This project will determine the fault properties that control the magnitude and timing of earthquakes on Gofar Transform Fault in the equatorial Pacific Ocean. With an advanced array of ocean bottom seismometers (OBSs), rock collection, and fault imaging, this research will produce a multifaceted understanding of two magnitude 6 earthquake zones and the regions that separate them. To ensure a continuous earthquake dataset over the period that next large earthquakes are expected, this project involves three research cruises: 1) to deploy the OBSs and collect rock samples; 2) to recover, refurbish, and redeploy the OBSs and to survey the fault-zone with an autonomous underwater vehicle (AUV); and 3) to recover the OBSs. The two-year dataset is expected to record hundreds of thousands of microearthquakes in addition to hopefully capturing the next two magnitude 6 mainshocks. This research will reach 6-12th grade students, by taking two teachers from low-income school districts in New England to sea and working with these teachers to develop curricula that can be used by teachers throughout the US. The teachers will work with project scientists and the University of New Hampshire's Center for Mathematics, Science, and Engineering Education to develop a "Curriculum Kit" - a web-based set of resources that will include classroom-based earthquake investigations, background information, and periodic classroom video chats with the Gofar experiment scientists. This project will also enhance earthquake research at the university level both nationally and internationally through the support of graduate students and postdocs. Gofar fault was chosen for this project because previous work there allows for the planning of a precise experiment aimed at imaging transitions in fault behavior over just a few kilometers. This experiment will capture the temporal evolution of the fault in unprecedented detail and link these variations to the underlying geology and fault mechanics.
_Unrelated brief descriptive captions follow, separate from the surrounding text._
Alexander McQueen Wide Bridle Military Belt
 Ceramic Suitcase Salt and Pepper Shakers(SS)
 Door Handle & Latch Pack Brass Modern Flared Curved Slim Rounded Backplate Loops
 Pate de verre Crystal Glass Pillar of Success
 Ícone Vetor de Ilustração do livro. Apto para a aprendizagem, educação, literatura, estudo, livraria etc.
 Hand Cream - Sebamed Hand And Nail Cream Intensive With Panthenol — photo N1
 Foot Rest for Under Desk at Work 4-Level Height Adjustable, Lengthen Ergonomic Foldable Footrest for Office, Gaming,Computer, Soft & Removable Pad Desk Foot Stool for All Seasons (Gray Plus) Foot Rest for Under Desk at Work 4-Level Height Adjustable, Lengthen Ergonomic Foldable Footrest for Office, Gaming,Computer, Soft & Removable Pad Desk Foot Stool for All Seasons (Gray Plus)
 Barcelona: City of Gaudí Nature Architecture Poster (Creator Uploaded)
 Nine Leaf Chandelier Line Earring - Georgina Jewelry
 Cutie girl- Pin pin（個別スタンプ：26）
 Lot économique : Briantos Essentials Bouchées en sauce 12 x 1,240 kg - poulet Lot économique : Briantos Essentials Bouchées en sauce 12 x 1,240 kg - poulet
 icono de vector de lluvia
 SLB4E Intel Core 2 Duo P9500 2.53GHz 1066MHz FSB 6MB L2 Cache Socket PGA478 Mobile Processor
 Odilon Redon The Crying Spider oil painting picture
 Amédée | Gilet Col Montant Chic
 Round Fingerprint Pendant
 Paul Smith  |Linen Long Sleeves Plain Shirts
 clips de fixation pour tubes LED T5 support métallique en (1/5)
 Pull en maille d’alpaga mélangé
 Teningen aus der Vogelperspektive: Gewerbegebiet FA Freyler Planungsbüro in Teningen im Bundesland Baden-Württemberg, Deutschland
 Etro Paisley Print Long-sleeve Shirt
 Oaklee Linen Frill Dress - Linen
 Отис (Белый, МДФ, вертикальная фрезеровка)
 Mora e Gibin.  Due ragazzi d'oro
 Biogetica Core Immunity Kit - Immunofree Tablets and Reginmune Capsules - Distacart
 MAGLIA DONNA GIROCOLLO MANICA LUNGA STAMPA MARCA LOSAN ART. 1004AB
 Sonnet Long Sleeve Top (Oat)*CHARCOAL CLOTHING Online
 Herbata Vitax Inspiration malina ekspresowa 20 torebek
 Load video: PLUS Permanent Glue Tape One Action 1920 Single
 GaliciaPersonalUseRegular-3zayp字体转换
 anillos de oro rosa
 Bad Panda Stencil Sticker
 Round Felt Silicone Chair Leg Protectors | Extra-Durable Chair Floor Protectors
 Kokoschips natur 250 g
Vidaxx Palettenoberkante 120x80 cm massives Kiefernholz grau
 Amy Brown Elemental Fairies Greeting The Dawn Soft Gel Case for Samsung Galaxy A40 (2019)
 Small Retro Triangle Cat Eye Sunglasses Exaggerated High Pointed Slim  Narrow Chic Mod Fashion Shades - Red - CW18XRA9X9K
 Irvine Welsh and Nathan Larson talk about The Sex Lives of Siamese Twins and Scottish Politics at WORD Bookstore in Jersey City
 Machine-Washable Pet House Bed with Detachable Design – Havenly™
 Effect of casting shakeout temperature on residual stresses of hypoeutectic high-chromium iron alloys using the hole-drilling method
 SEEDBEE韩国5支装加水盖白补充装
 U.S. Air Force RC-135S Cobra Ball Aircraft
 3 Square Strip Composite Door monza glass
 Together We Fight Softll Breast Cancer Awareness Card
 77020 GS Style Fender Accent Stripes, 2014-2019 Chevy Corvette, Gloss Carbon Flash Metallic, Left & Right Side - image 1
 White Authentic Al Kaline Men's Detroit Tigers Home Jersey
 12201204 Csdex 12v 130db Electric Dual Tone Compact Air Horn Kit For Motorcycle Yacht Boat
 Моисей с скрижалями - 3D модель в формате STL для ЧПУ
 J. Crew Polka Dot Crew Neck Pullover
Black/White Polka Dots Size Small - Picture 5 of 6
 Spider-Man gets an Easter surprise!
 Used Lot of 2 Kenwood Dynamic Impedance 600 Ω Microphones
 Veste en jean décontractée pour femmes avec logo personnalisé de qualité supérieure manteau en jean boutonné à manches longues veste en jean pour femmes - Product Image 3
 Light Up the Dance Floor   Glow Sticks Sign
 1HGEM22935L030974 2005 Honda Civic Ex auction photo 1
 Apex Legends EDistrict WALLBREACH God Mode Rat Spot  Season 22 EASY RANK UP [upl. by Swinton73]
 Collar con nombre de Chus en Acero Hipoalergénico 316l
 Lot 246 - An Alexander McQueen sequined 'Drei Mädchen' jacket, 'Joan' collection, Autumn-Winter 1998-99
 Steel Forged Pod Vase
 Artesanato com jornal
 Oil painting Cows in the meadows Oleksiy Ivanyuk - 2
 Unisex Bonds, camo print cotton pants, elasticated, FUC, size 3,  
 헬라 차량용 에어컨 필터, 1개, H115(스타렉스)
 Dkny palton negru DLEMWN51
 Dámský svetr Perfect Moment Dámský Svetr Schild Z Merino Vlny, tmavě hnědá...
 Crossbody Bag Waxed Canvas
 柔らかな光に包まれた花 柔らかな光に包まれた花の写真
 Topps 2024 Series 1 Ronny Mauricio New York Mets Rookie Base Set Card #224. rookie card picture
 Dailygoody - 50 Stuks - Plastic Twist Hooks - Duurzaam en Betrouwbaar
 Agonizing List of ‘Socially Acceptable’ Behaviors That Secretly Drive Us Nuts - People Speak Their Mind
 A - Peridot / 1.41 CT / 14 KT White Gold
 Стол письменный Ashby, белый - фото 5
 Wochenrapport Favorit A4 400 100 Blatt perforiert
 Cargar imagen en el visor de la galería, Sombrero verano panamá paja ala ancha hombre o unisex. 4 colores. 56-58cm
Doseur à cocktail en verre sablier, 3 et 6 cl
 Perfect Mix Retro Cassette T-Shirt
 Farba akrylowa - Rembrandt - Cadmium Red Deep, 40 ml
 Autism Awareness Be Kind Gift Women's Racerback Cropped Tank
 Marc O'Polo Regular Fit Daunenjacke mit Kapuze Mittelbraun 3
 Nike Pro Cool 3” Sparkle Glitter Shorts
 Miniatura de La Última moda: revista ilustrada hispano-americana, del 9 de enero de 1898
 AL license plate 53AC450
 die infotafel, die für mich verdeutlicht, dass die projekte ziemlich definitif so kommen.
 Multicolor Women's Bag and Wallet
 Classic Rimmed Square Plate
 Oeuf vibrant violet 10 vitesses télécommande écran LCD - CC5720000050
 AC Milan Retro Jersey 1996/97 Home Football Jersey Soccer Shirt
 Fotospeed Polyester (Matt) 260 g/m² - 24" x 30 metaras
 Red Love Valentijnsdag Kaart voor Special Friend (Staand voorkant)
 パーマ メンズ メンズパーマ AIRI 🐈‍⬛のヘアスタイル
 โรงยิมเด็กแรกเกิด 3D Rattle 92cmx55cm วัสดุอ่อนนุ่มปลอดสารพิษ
Specifically, the aim of this project is to understand why oceanic transform faults are dominated by aseismic slip, have such repeatable seismic cycles, and nucleate hundreds of thousands of small earthquakes in the rupture barriers that stop large earthquakes. In particular, previous work at Gofar indicates that rupture barrier behavior cannot be explained by basic bimodal frictional properties and requires more sophisticated rheological descriptions of the fault zone. This project approaches these questions by recording the time dependence of earthquake stress drops with a strong-motion array and by estimating seismic velocities within the rupture barrier using 4 mini arrays of short-period OBSs that will allow us to use a seismic technique known as double beam forming to determine the space-time evolution of shear velocity. The project will determine if the pre-seismic changes in S-velocity are contained to a narrow fault-zone or spread throughout the wider damage zone and to what extent they extend to seismogenic depths. This research will compare the migration of the velocity anomalies, or lack thereof, with fault mechanics models to try to constrain the underlying rheology of the rupture barrier and investigate the role of dilatancy in stopping large ruptures. The project will also conduct the most comprehensive, high-resolution mapping of a RTF to date through a combination of AUV based bathymetry, backscatter, photomosaic imaging, and water column surveys along with rock dredging. This suite of studies will help clarify the roles of dilatancy and hydrothermal alteration in producing the contrasting seismic behavior between the rupture zones and rupture barrier regions.
This award reflects NSF's statutory mission and has been deemed worthy of support through evaluation using the Foundation's intellectual merit and broader impacts review criteria.